The reply should hold only the lines below beginning at the one with "Geaca Norfin Rebel Pro Gray Jacket - Img 6" and ending at the one with "Burn Cottage Retreat Cromwell Exterior photo", copied exactly, with every picture left out.

EXCERPTED RECORDS
[Start of Attachment]

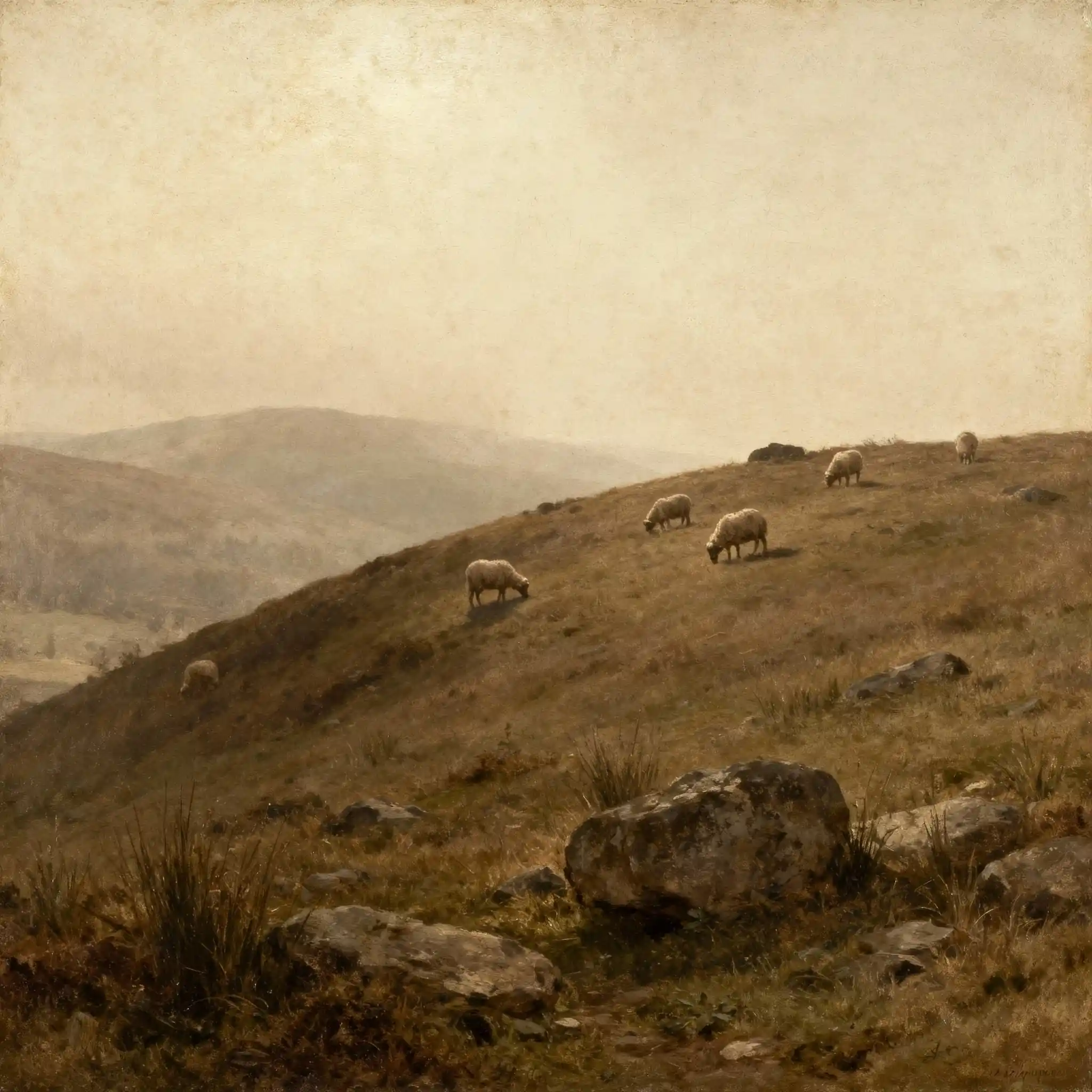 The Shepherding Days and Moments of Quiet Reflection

[End of Attachment]
[Start of Attachment]

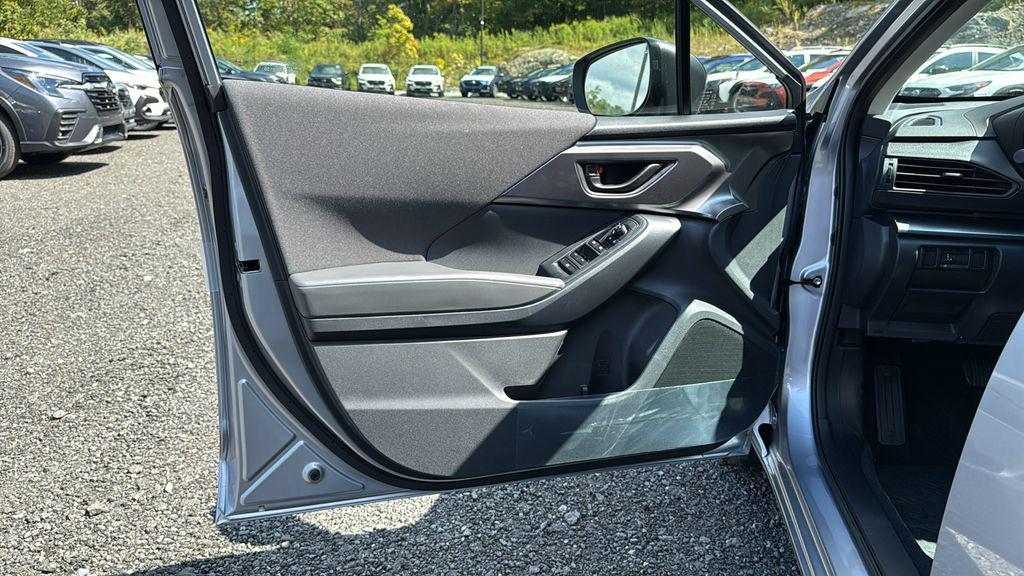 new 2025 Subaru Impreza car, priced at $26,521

[End of Attachment]
[Start of Attachment]

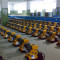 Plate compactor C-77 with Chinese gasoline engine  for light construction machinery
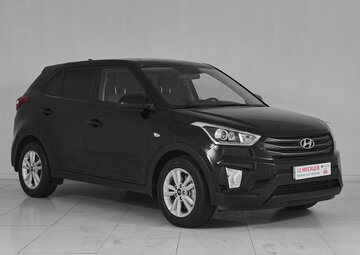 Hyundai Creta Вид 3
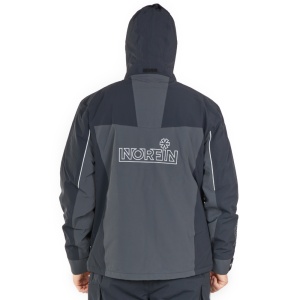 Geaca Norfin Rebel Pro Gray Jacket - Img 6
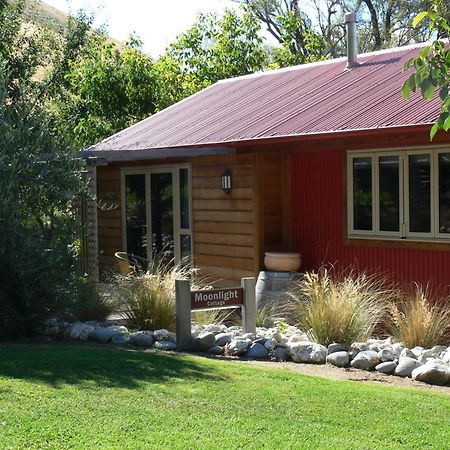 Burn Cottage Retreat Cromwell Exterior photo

[End of Attachment]

REPLY TO THE EXERCISE
 Geaca Norfin Rebel Pro Gray Jacket - Img 6
 Burn Cottage Retreat Cromwell Exterior photo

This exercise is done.